Update – Drug giant to proble deal with CSIRO spin-off

Posted on April 11, 2013. Filed under: Uncategorized |

 

The CSIRO has tweeted that “the allegations raised by Fairfax this morning are new to CSIRO. We’re making enquiries to establish the facts.”

What rubbish!  CSIRO employees held senior executive or non-executive positions in the spin-off company at the time this deal was done.

Is this simply another example of a senior CSIRO executive  professing publicly to have no knowledge of an event which later they are forced to admit they were aware actually of?

Next thing we can expect is for the CSIRO to issue a breach of contract lawsuit against the pharmaceutical company for analysing the content to demonstrate that they were duped.

Date
April 11, 2013 – 3:02PM

Linton Besser and Nicky Phillips

CSIRO 

Global drug giant Novartis has confirmed it has begun an “internal investigation” into a five-year deal it signed with a CSIRO spin-off company to buy an anti-counterfeit technology which the CSIRO and its partner knew could be compromised.

Novartis purchased what it was told was a custom-designed invisible “tracer” which would protect millions of ampoules of injectible Voltaren, widely sold overseas but not in Australia, from the threat of the booming blackmarket trade in counterfeit medicines.

But a Fairfax investigation on Thursday revealed that DataTrace DNA Pty Ltd, a joint venture between the CSIRO and public company DataDot Technology Ltd, instead issued Novartis with widely available tracer material it had bought from China and which it was warned was insufficient for a pharmaceutical application.

DataDot Technology: The joint venture between DataTrace DNA and CSIRO which convinced Novatiris to buy an easily compromised product.DataDot Technology: The joint venture between DataTrace DNA and CSIRO which convinced Novatiris to buy an easily compromised product.

Alexandra Suvajac, a Novartis Australia spokeswoman, said the company had a number of measures to ensure the safe use of its drugs which were “not compromised by the allegations around the use of this technology”.

“I can confirm we are undertaking an internal investigation of the matter,” she said. “Novartis is aware of the story reported today and cannot comment further on the ongoing investigation.”

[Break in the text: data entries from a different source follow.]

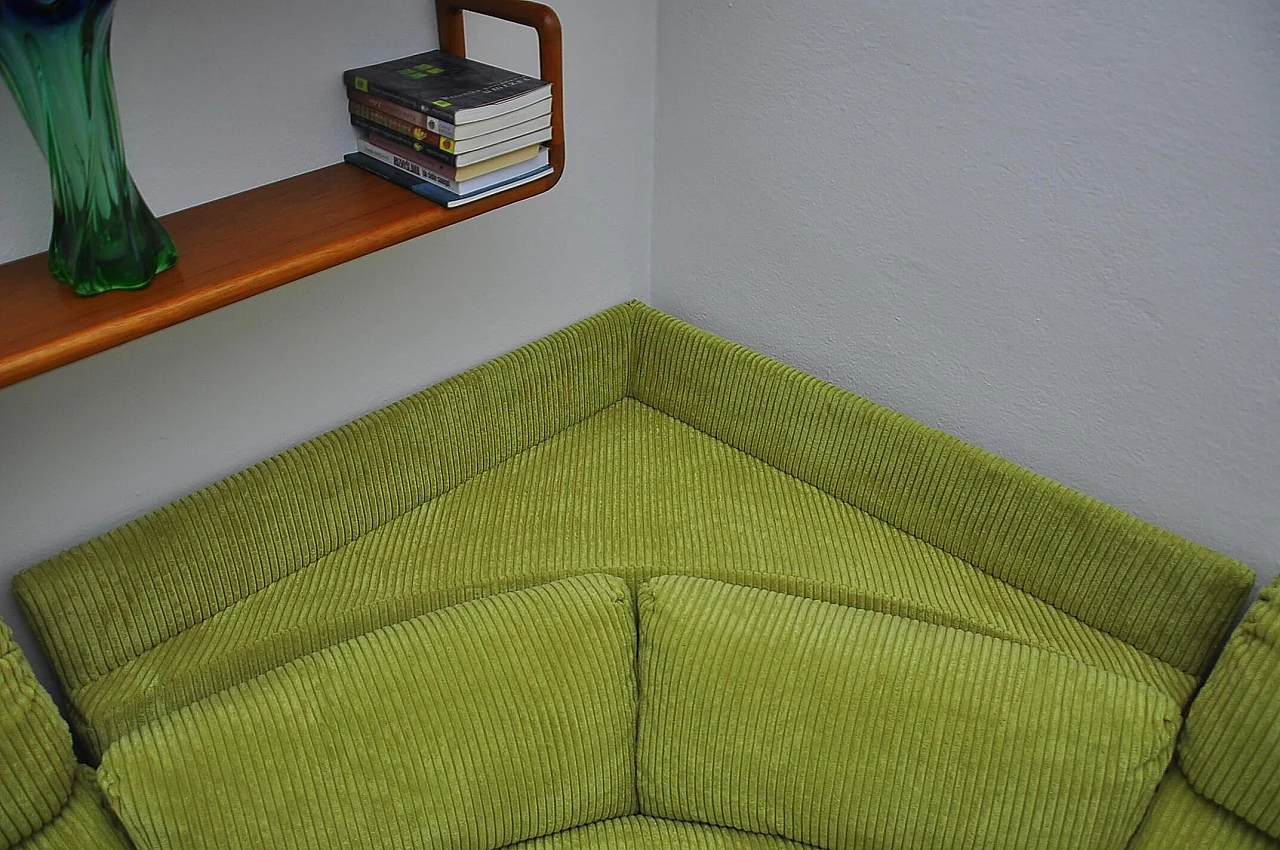 Modular green corduroy corner sofa, 1970s 4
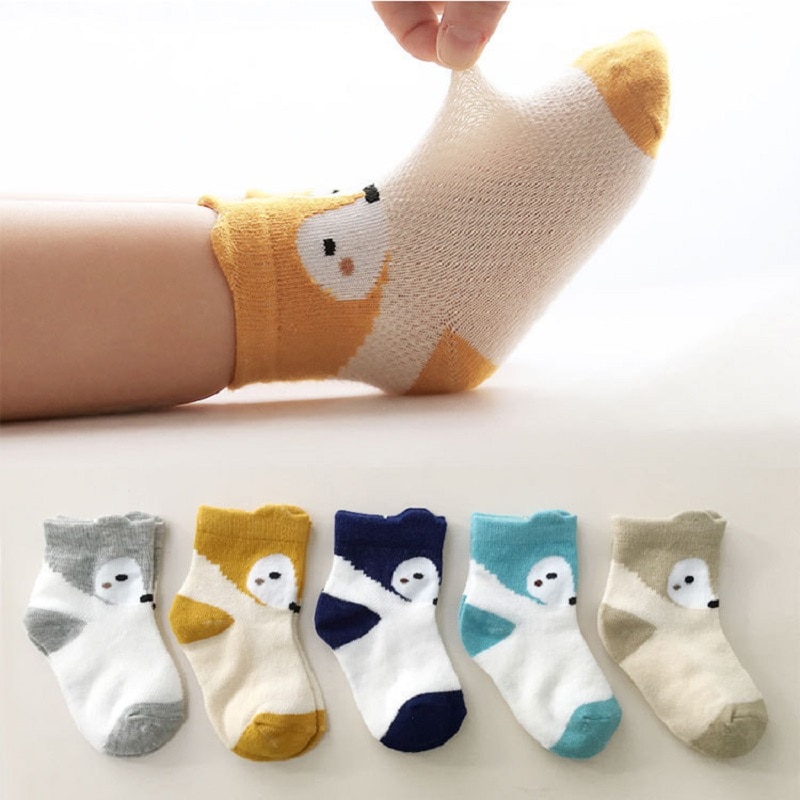 5 pairs/set Cotton Baby Socks For 1-6 Years Baby Girls Boys Thin Calcetines Bebe Kids Fox Socks Lot Skarpetiki Dla Dzieci TS76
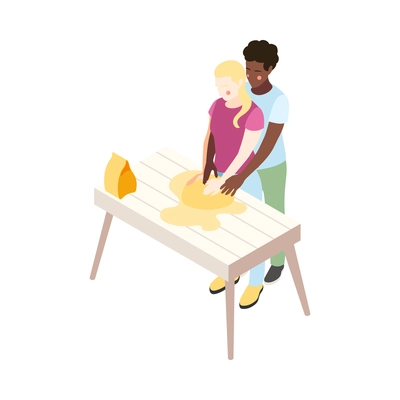 Different couples isometric composition with isolated view of loving couple kneading dough together vector illustration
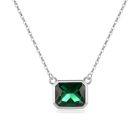 Elenza Smaragd CZ Ketting in 925 Zilver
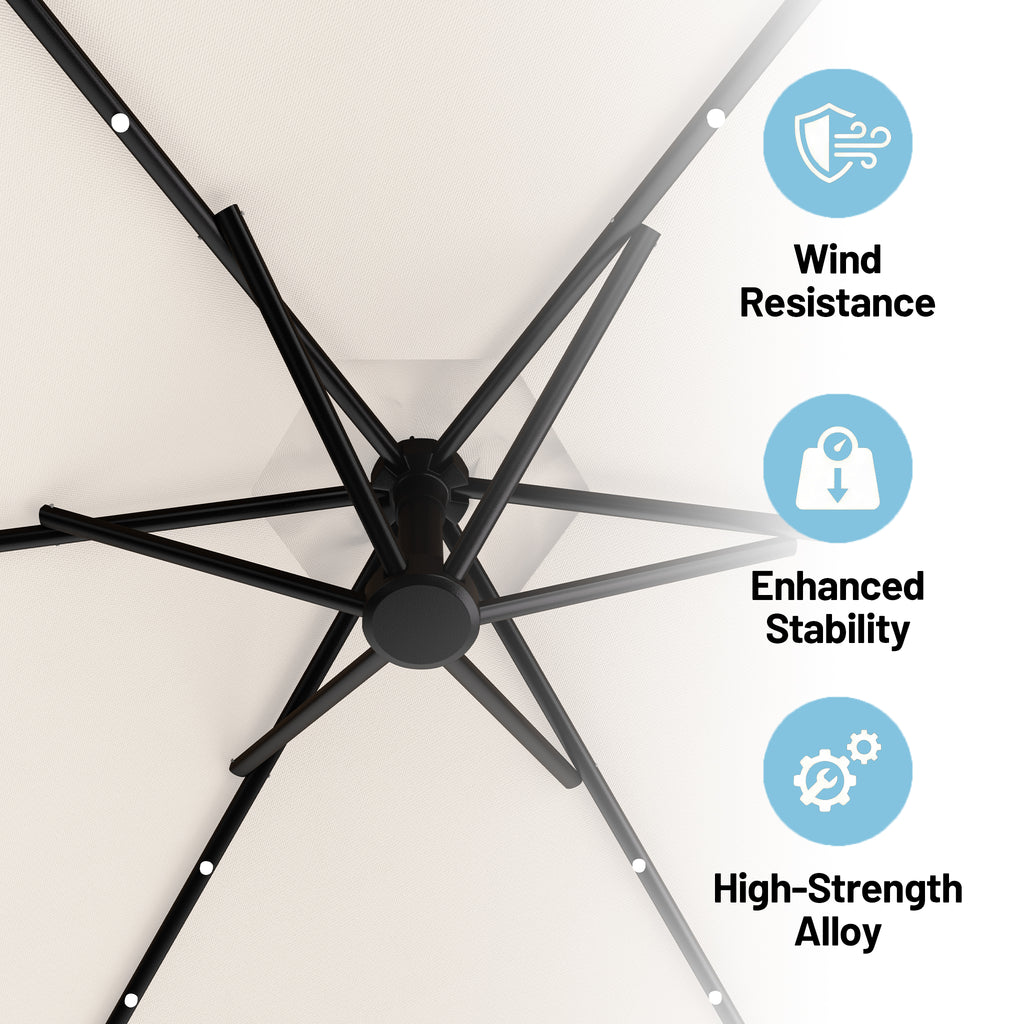 Easthome 10ft Solar LED Offset Hanging Market Patio Umbrella for Backyard, Poolside, Lawn and Garden w/Easy Tilt Adjustment, Polyester Shade, 6 Ribs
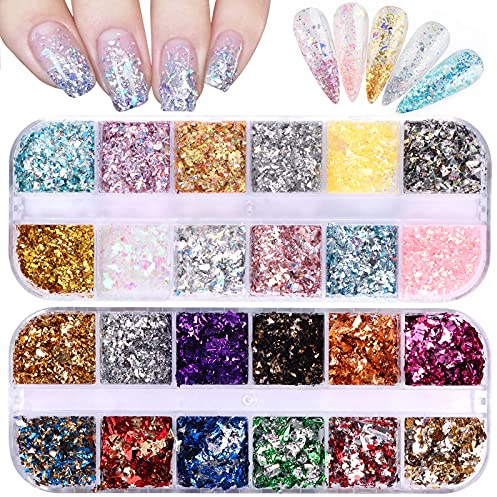 EBANKU 24 Grid Holographic Nail Art Flakes, Foil Glitter Sequins Confetti Gold Silver Irregular Mirror Effect Acrylic Powders Paillette for Nail Decoration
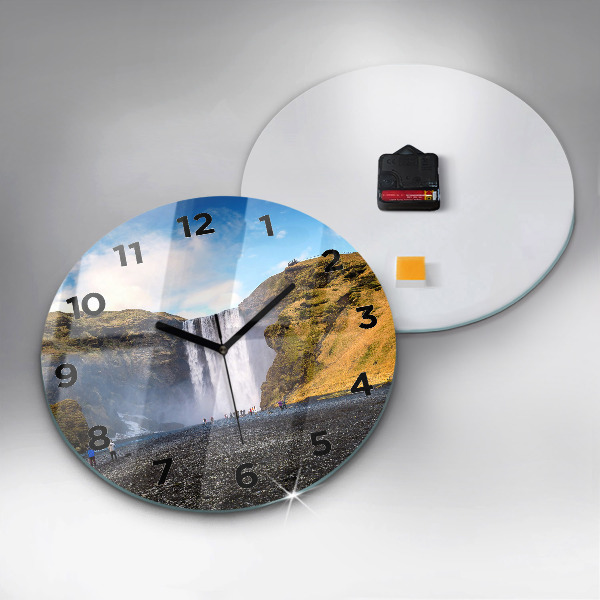 Round glass clock Waterfall in Iceland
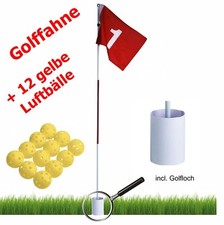 Golf Fahne mit Loch und Stange + 12 Übungsb�...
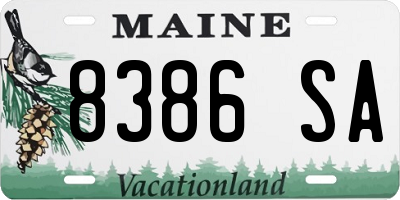 ME license plate 8386SA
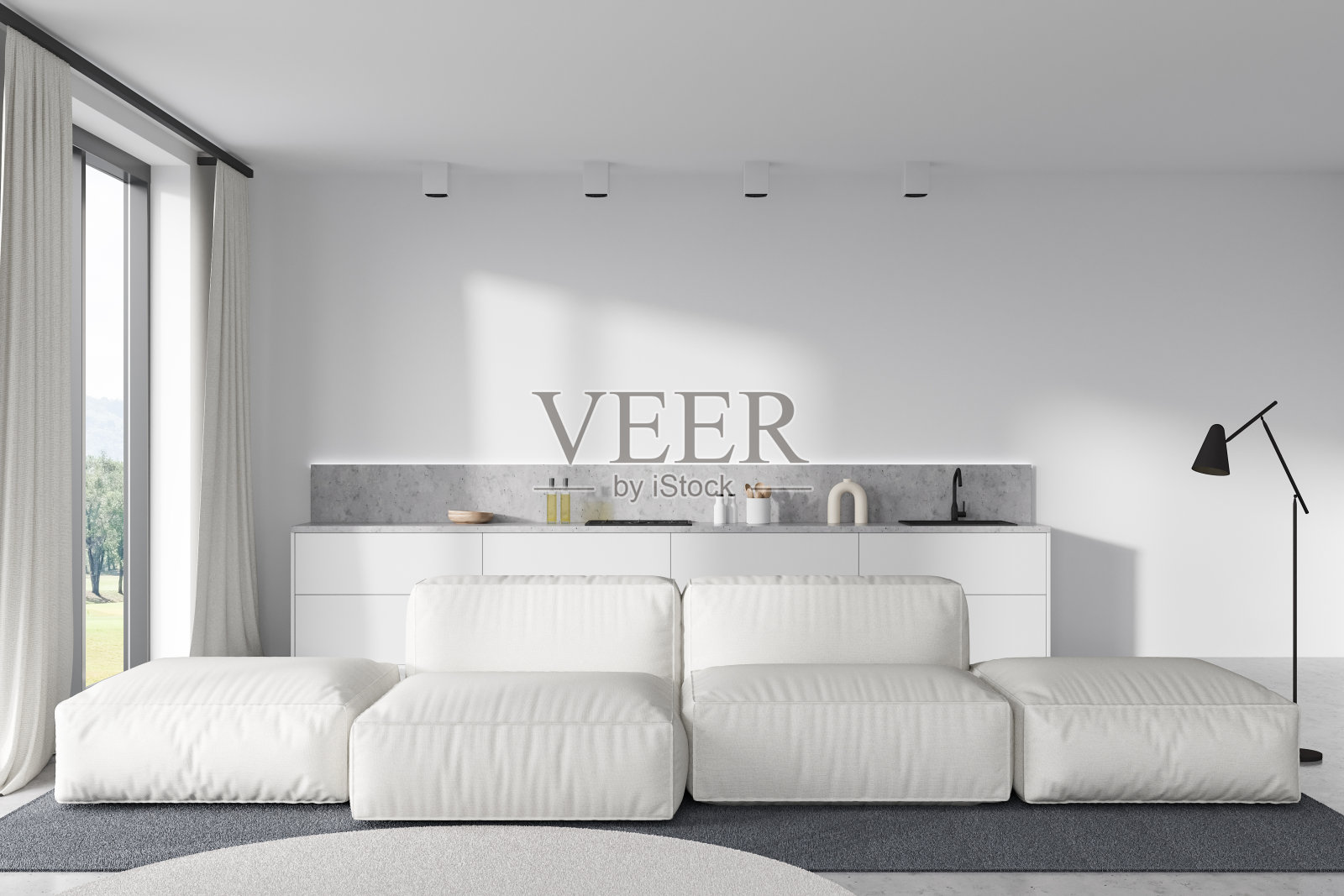 厨房内部，甲板上有沙发和厨具，全景窗照片摄影图片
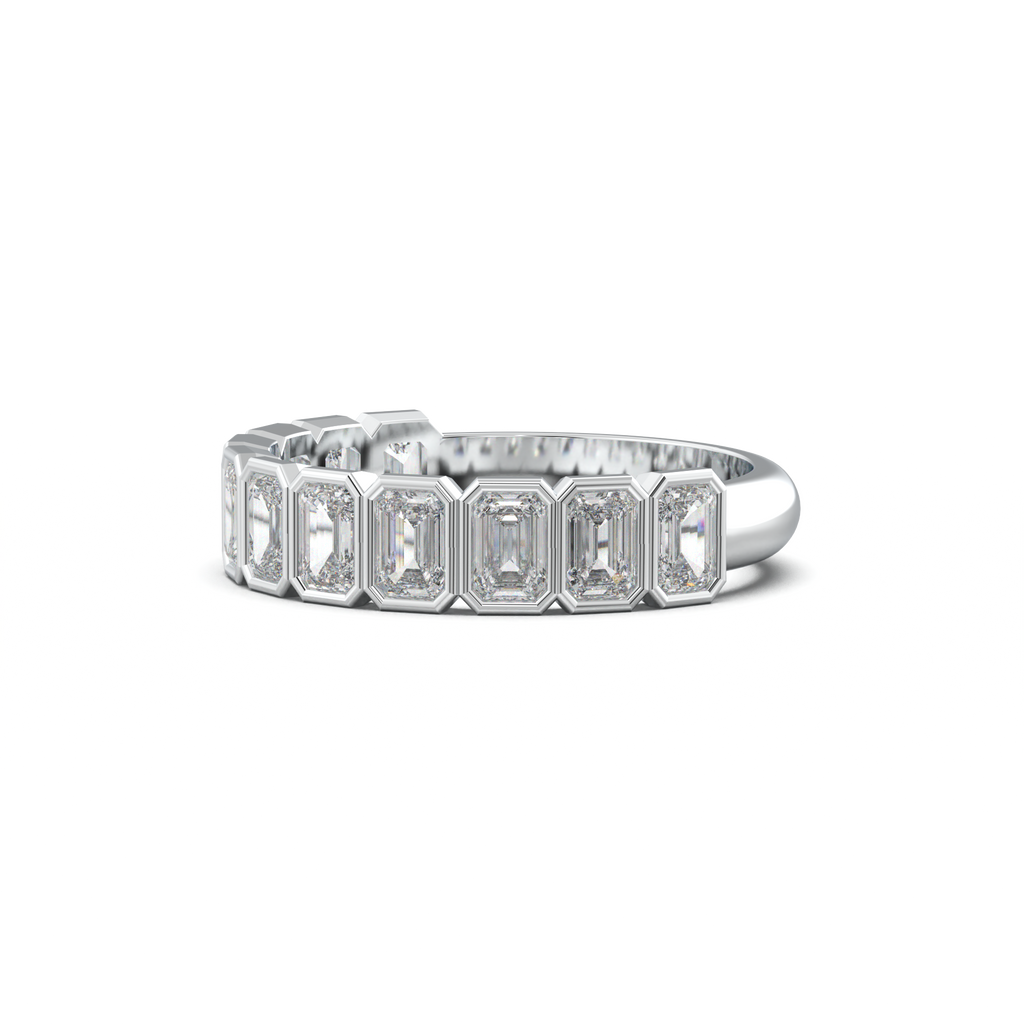 Emerald Bezel Half-Eternity Wedding Band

The CSIRO has tweeted that “the allegations raised by Fairfax this morning are new to CSIRO. We’re making enquiries to establish the facts.”

Shares in DataDot Technology have been put into a trading halt until Monday.

The company’s company secretary Graham Loughlin requested the halt as a result of “press coverage today of allegations regarding DataTrace DNA Pty Ltd, a subsidiary company”. DataTrace was half-owned by the CSIRO when it sold the anti-counterfeit technology to Novartis, which had sought a method to protect its injectable drugs, manufactured in Egypt, Slovakia and Switzerland.

In a series of assurances to Novartis, DataTrace had assured the drugs giant that the tracer was manufactured under secure conditions in a CSIRO laboratory in Melbourne.

In fact, the company issued it with phosphor-based tracer it had previously purchased from a lighting supplier in China which was considered sufficient only for low-security applications, such as batch and stock control or sorting industrial commodities.

Organised crime gangs have been dumping bootleg medicines in poor economies around the world at enormous profits in recent years. Last year an Interpol task force arrested 80 people after an international taskforce seized 3.75 million units of fake drugs worth $US10.5 million.

Hundreds of people around the world have died from being administered fake medicines.

“If there is a serious counterfeiting threat to the Novartis ampoules, then this code risks being quickly and easily cracked,” the project’s chief scientist, Gerry Swiegers, warned months before the deal was announced to the market. Dr Swiegers had begun work on the project while still a CSIRO employee, and then after a bitter falling-out with the organisation, he had joined DataTrace full-time.

“Serious questions could then be raised, especially if the successful counterfeiting attack resulted in injury or death.”

Mr Loughlin told the market this morning that “these matters require a response from the parent company”, which is DataDot.

“In order for the facts to be assembled and the response to be prepared we request a trading halt in our shares until the market opens on Monday 15th April or until DataDot Technology Limited makes an announcement to the market on this subject, whichever is sooner.”

The CSIRO remains a minority shareholder in DataDot.